We can see from the output that there is substantial overlap between these two Wald confidence intervals. The results using profile likelihood intervals lead to the same conclusion but are not shown. We can test this more formally. Specifically, we wish to test the null hypothesis that

\[
H_0: \alpha_1 = \alpha_2 \quad \mbox{or equivalently} \quad H_0: \alpha_1 - \alpha_2 = 0,
\]

where $\alpha_1$ is the true value of $\alpha$ for the Lau et al. data, and $\alpha_2$ is the true value of $\alpha$ for the Jackson et al. data. We choose a two-tailed alternative, meaning we are not concerned about the sign of any difference, but simply the magnitude of the difference. That is,

\[
H_1: \alpha_1 \neq \alpha_2 \quad \mbox{or equivalently} \quad H_1: \alpha_1 - \alpha_2 \neq 0.
\]

We test this hypothesis by constructing a test statistic and then computing a P-value under the assumption that the null hypothesis is true.
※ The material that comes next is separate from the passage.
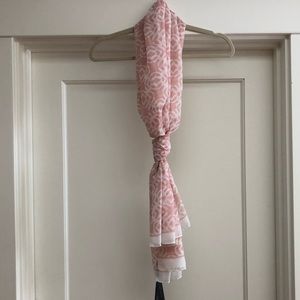 The Limited Pink / White Fashion Scarf
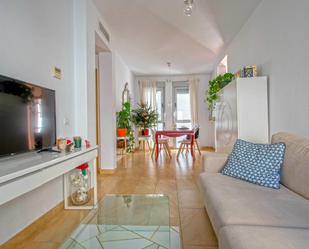 Living room of Flat for sale in  Sevilla Capital  with Air Conditioner, Heating and Terrace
We are interested in the difference between the two population values of $\alpha$. We estimate this by computing the difference in the sample estimates. That is, our estimate of $\alpha_1 - \alpha_2$ is given by $\hat{\alpha}_1 - \hat{\alpha}_2$, where $\hat{\alpha}_1$ and $\hat{\alpha}_2$ are the maximum likelihood estimates based on the survey data. We scale this difference by the estimated standard deviation in the difference, that is, by the standard error of the difference, $\mathrm{se}(\hat{\alpha}_1 - \hat{\alpha}_2)$. We estimate this--to keep the statistical theory to a minimum--as the square root of the sum of the two estimated variances, i.e.

\[
\mathrm{se}(\hat{\alpha}_1 - \hat{\alpha}_2) = \sqrt{\hat{V}(\hat{\alpha}_1) + \hat{V}(\hat{\alpha}_2)}.
\]

Our test statistic is then

\[
Z_0 = \frac{\hat{\alpha}_1 - \hat{\alpha}_2}{\mathrm{se}(\hat{\alpha}_1 - \hat{\alpha}_2)}.
\]

It can be shown that this test statistic follows an approximate normal distribution under the null hypothesis, which means our P-value can be computed by evaluating

\[
P = \Pr(Z > |Z_0|) = 2(1 - \Pr(Z < |Z_0|)).
\]

All this theory has been integrated into a function called `compareSurveys`.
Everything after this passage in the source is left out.